═══ Data in this exercise

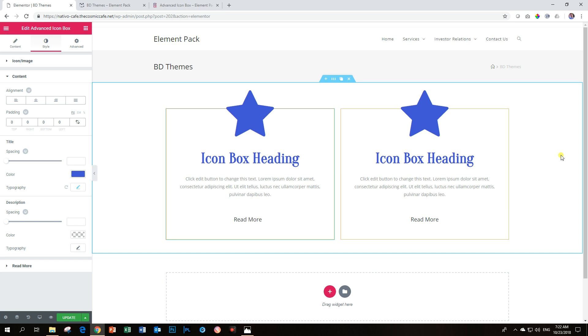Well, that's the end for our Advanced Icon Box which I truly like. Please check it out at BD Themes below by clicking on the link in the description.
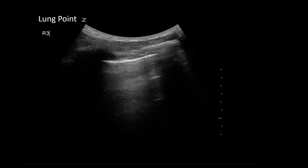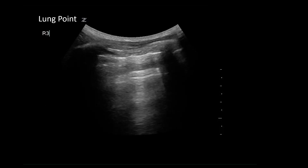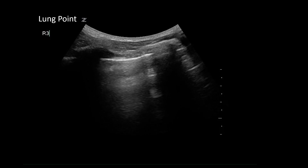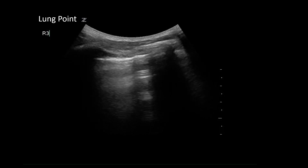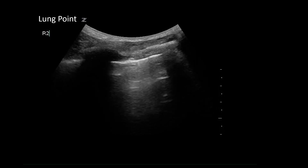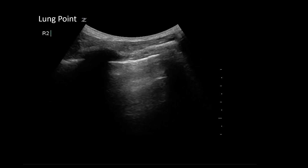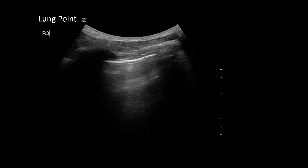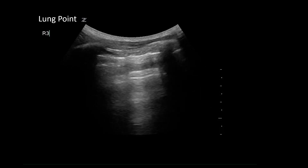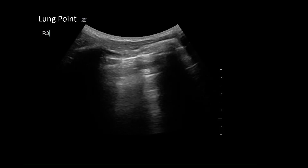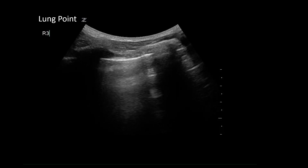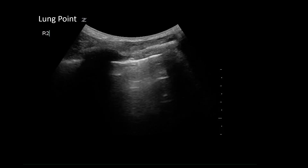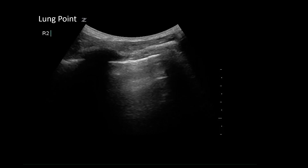A more specific sign for pneumothorax is a lung point, which can be seen here. You can see an area of normal lung sliding on the left of the screen and then the area of no lung sliding on the right. Anytime you detect no sliding, you should slide down the chest with your ultrasound probe to find the lung point.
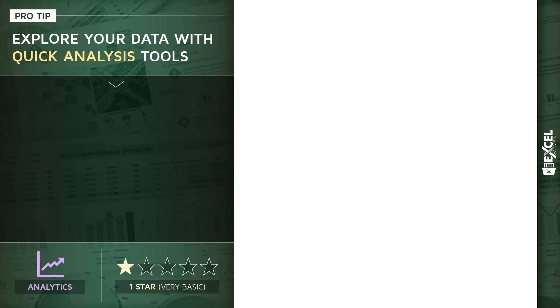All right, for this pro tip, I want to talk about how we can instantly explore our data using something called quick analysis tools. This is a one-star analytics tip, very simple to use, but a really interesting tool to play with.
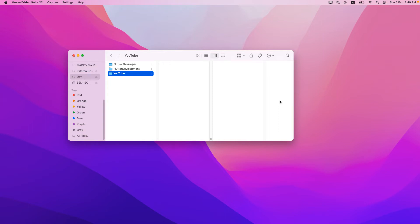Let us create our Flutter project. This will be a local database application and we will be using some packages to store persistent data in the Flutter application using SQLite. If you are coming from Android, you should be familiar with SQLite database or the Room database. We are using packages that will be quite similar to the Room database in Android. So let us get started.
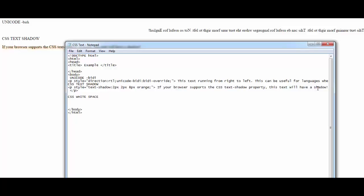Open a paragraph tag: p style is equal to, open inverted commas, white-space, value is pre. Close the bracket. The text reads: 'This text has a line break' — actually it has many line breaks, you'll find out. Just hang in there.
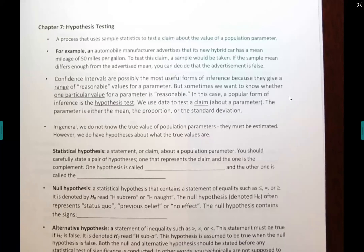Hypothesis testing is a process that uses information from a sample to test the claim about the value of a population parameter. For example, I could make a claim that the percentage of students who get an A in my statistics class is more than 30%. You would have to verify the claim, and this is why when we perform hypothesis testing there are five steps to perform the test, and at the very end you can see whether your claim is valid or not valid.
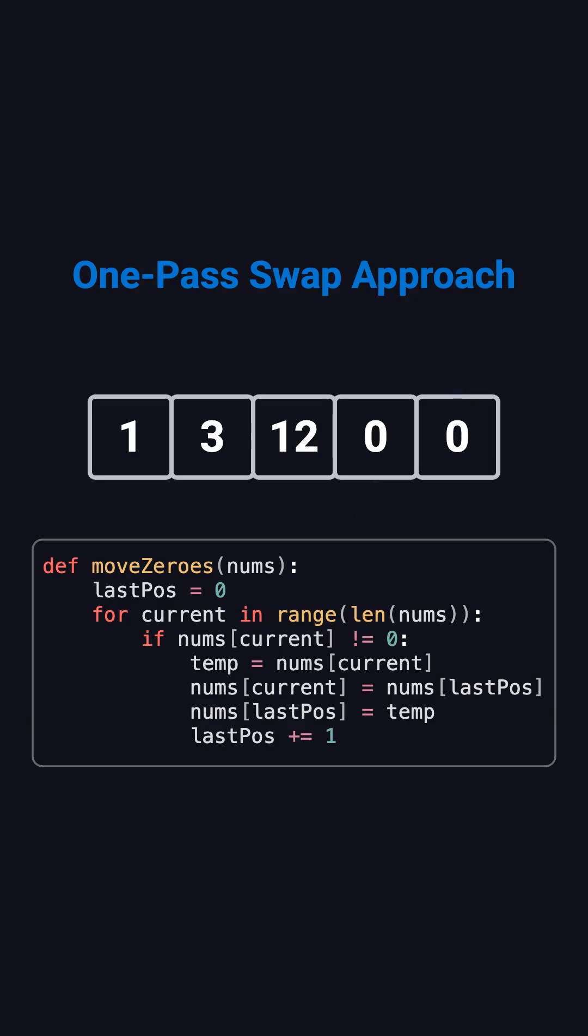Once you understand these two methods, any similar problem where you need to move elements in an array will feel easy to handle.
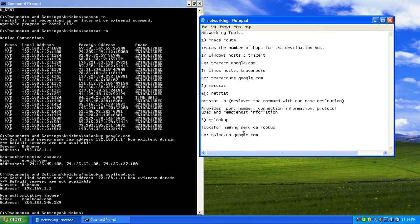NS stands for Naming Service, so NSLookup is the Naming Service Lookup. We have an example defined here, and the same example applies to Linux computers as well as Windows. NetStat is common, and TraceRoute is there too. With this we will end this class and continue with more tools next time.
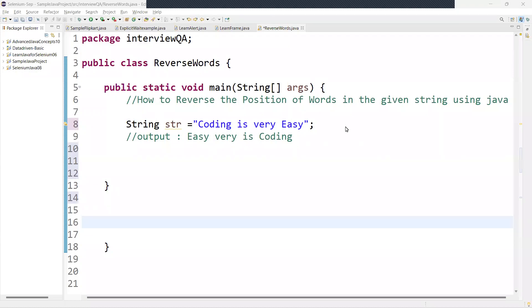Welcome back. In this video, we are going to learn how to reverse the position of the words in a given string using Java. This is a frequently asked interview question as well.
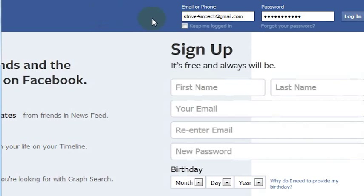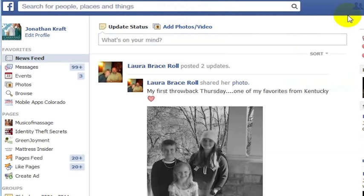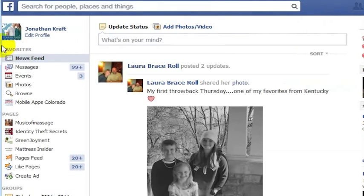Right now I'm not on a shared computer — I'm on my own computer. So I'm going to keep 'logged in' checked and go ahead and log in. And now I am back into my Facebook account, and the same thing can work for you as well.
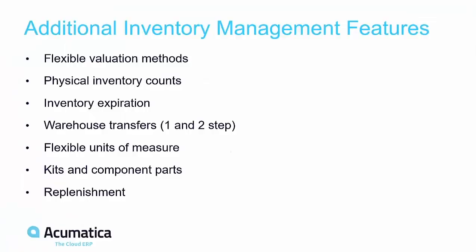Acumatica includes several other inventory features which help to improve customer service and increase profitability: flexible valuation methods, physical inventory counts, expiration dates, warehouse transfers, flexible units of measure, kits and component parts, replenishment, and more.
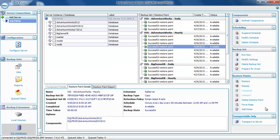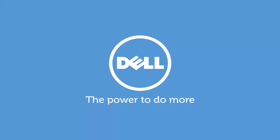We also have the ability to transport a restore point to another server. Keep in mind that when you do that, the restore point is no longer available on the original server. The target server must be listed under Server Connections in order to transport it there. This concludes the video showing how to use Replay Manager with Microsoft SQL Server. Thank you for watching, and have a great day.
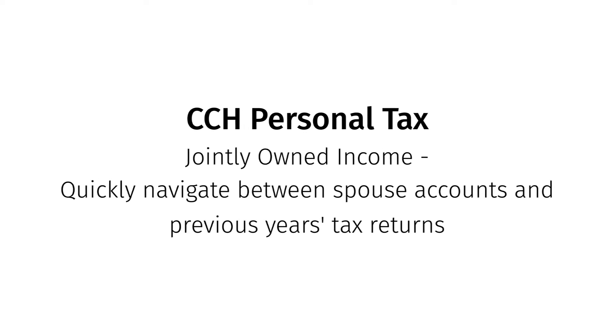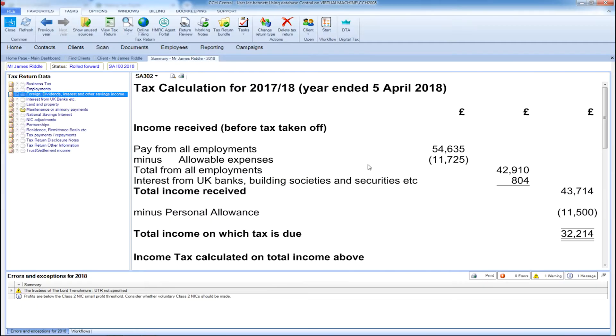Navigating between your client's tax return, their previous tax returns, as well as other connected clients from within CCH Personal Tax is easy. There are many options available to you.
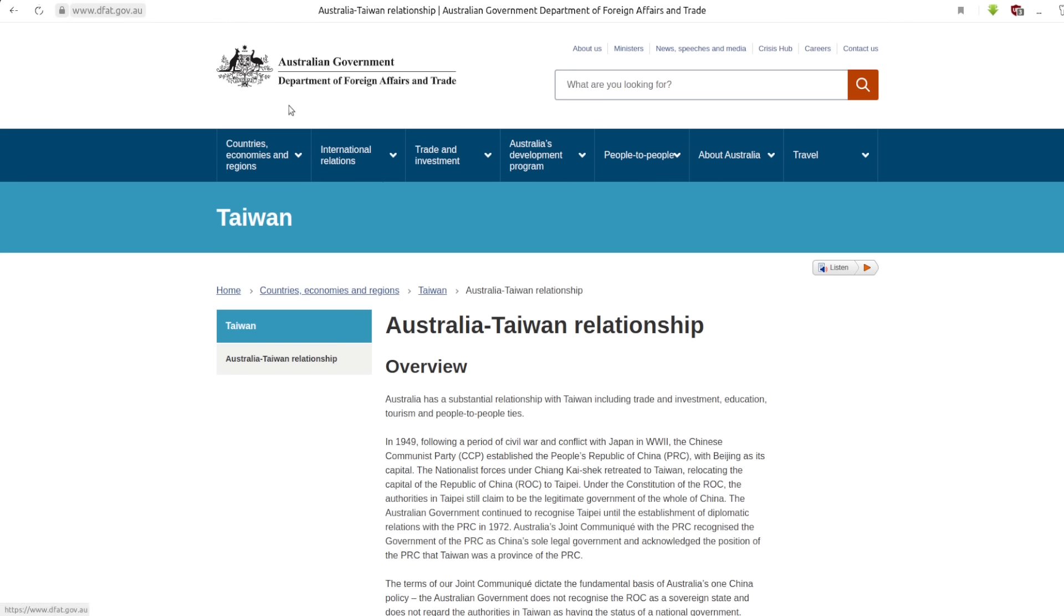While we're looking at the U.K. and the U.S., we might as well look at Australia. The A in AUKUS. This is the Australian Government, Department of Foreign Affairs and Trade, Australia-Taiwan relationship. AUKUS being a specifically anti-China bloc made up of the U.S., U.K., and Australia. And a key part of this is their claim that they need to help defend Taiwan from China. But what does the Australian Government actually say about Taiwan and its status? It says, The terms of our joint communique dictate the fundamental basis of Australia's one-China policy. The Australian Government does not recognize the Republic of China. That is what the government in Taipei officially calls itself, the Republic of China. Because even in Taipei, they recognize Taiwan as part of China. They just see themselves as the sole legitimate government of all of China. Which I think we could all agree is utterly absurd.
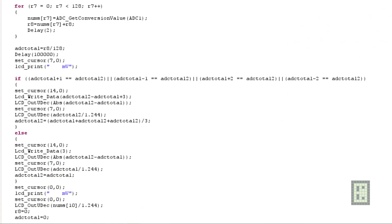As I promised at the beginning of the video, this is the part of the code that takes the ADC values, makes an average, and displays it on the LCD screen. This is just the algorithm part.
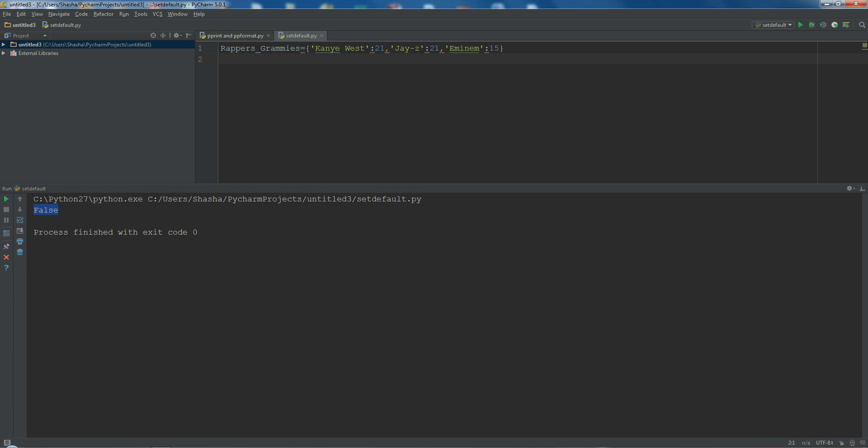The next method is get. Now what is get? The get method will check through the dictionary whether a particular key is present. In case the key is not present, you can assign a fallback value so that it does not throw an error — it should give that value as the output.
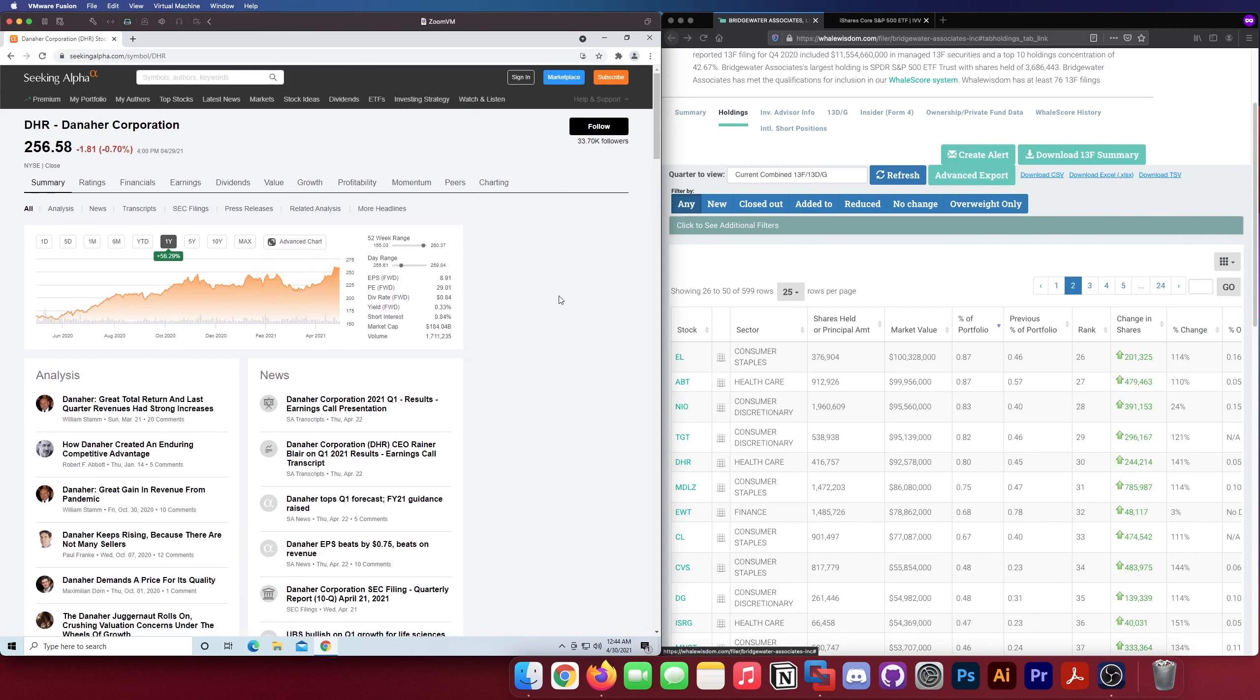All right guys, we'll call it there. We got down to the positions in this portfolio that are lower than 0.75 of a percent, so at that point do they even matter. Hopefully you guys enjoyed. If you guys have video suggestions or you want me to talk about anything in particular, leave a comment down below and I'll see you guys next time. Peace.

══════

Without the pictures, set down the lines above from the line with "Open a paragraph" up to and including the line with "Right now I'm" exactly as they stand.

Open a paragraph tag: p style is equal to, open inverted commas, white-space, value is pre. Close the bracket. The text reads: 'This text has a line break' — actually it has many line breaks, you'll find out. Just hang in there.
Hypothesis testing is a process that uses information from a sample to test the claim about the value of a population parameter. For example, I could make a claim that the percentage of students who get an A in my statistics class is more than 30%. You would have to verify the claim, and this is why when we perform hypothesis testing there are five steps to perform the test, and at the very end you can see whether your claim is valid or not valid.
Once you understand these two methods, any similar problem where you need to move elements in an array will feel easy to handle.
NS stands for Naming Service, so NSLookup is the Naming Service Lookup. We have an example defined here, and the same example applies to Linux computers as well as Windows. NetStat is common, and TraceRoute is there too. With this we will end this class and continue with more tools next time.
Welcome back. In this video, we are going to learn how to reverse the position of the words in a given string using Java. This is a frequently asked interview question as well.
Right now I'm not on a shared computer — I'm on my own computer. So I'm going to keep 'logged in' checked and go ahead and log in. And now I am back into my Facebook account, and the same thing can work for you as well.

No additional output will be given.